Bad pic because it's from my phone in a dark room, but he watches tv with me:







or on me:







After being brushed:







As much as I adore him, I wouldn't recommend a golden to anyone who has an aversion to fur everywhere. He gets at least a quick brushing daily, gets a more comprehensive grooming with the undercoat rake and a shedding blade at least 2x a week, and I vacuum and mop daily. In spite of that, you WILL get blonde hairs on you in the house, walking around in socks will make you a nice pair of blonde-soled socks, and you occasionally end up with a blonde hair in your eye.  

He's a big loveable goof, though. The cats despise him with every fiber of their beings. Both cats swat him every time he gets close enough, Kimi will stalk by and get mad enough to tackle him at times, and all Murph does is wag and look like he's saying, "Hi, kitty". It's pretty funny watching a 6.5 pound cat bully an 87 pound dog, but bully she does. 

I love my critters.


----------



## Guest (Sep 26, 2009)

Your critters are great Tess , I love Murphy .

Here is my baby blue eyes /aka my shadow / my trip over 50 times a day guy / my  11 year old fur baby .






I have actually been able to train him to stay out of the soap kitchen , he listens to stay , he is so pitiful though he either sits outside the door or on the stairs waiting for me .

Kitn


----------



## Rosey (Sep 26, 2009)

*pops*: your bindi is adorable! She looks a lot like a friend's dog! Buster is pretty cute too! Phoebe was a mess when we got her. She still is. She's terrified of the vacuum, storms (she'll shake the whole time), plastic bags, the fly swatter, butterflies (!!!), umbrellas (discovered that last week when my mother in law brought back my daughter in the rain) and I know she sounds bad when she's barking at everything but I don't leave her outside when she's barking and I need to start training with her again to ignore the neighbors. The house next to us has been empty since before we got her and now there's a lot of people in and out and she does the "woowooowooo" bark and it sounds terrible but all she's doing is letting us know someone is there. She recalls well though so that's good. When I open the door, she runs right back at me with a proud look on her face. No one will sneak up on me, that's for sure. I have taught her to ignore the mailman. That's one step in the right direction. It's very time consuming and a lot of work but worth it. She was scheduled to die on a Monday and we adopted her on that Friday. So instead of dying, she got spayed on that Monday. I wish I could save them all  :cry: 

*Kitn*: wow, that's one beautiful cat! I only have one long haired cat but he doesn't have that much hair.

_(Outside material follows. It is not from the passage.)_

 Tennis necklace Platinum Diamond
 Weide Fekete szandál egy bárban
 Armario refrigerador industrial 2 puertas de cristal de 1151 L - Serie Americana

*Tess*: you know, I thought having short haired dogs would be good. Wrong. Teegan sheds like nothing else. I have Teegan fur ALL over. I can't wear black socks. If I do, I put my shoes on right away after putting them on. You should see our cars, furs weaved in with the carpet fibers *everywhere*. Phoebe doesn't shed much at all. My cats despise the dogs too (except 1 and him not being afraid put him in a bad spot once). Phoebe goes nuts with the cats and wants to play. They are separated in the house which I hope will change as the dogs mellow out and get older. Teegan can actually lay down on my bed (where the cats hang out. I have a huge cat tree in my room) and Gabriel (the not afraid one) will be on the bed as well. Shhh, don't tell hubby I sometimes let Teegan on the bed. Rarely and usually when I'm feeling super blue. He's my baby.[/b]


----------



## krissy (Sep 26, 2009)

my pug Guieseppe


----------



## Guest (Sep 26, 2009)

OMG your butterfly pug is adorable .

Kitn


----------



## krissy (Sep 26, 2009)

Kitn said:
			
		

> OMG your butterfly pug is adorable .
> 
> Kitn


Thanks!
he was not happy with me when he had those wings on! he just sat and stared at me. wouldn't come when i called him! once he started running though...he loved the wings, LOL


----------



## Tabitha (Sep 26, 2009)

This is Walter on vacation in a hotel room. We rescued him this summer. He had a broken leg & needed an eye removed, was mangey & 25% underweight. He is total blind & totaly a cool dog!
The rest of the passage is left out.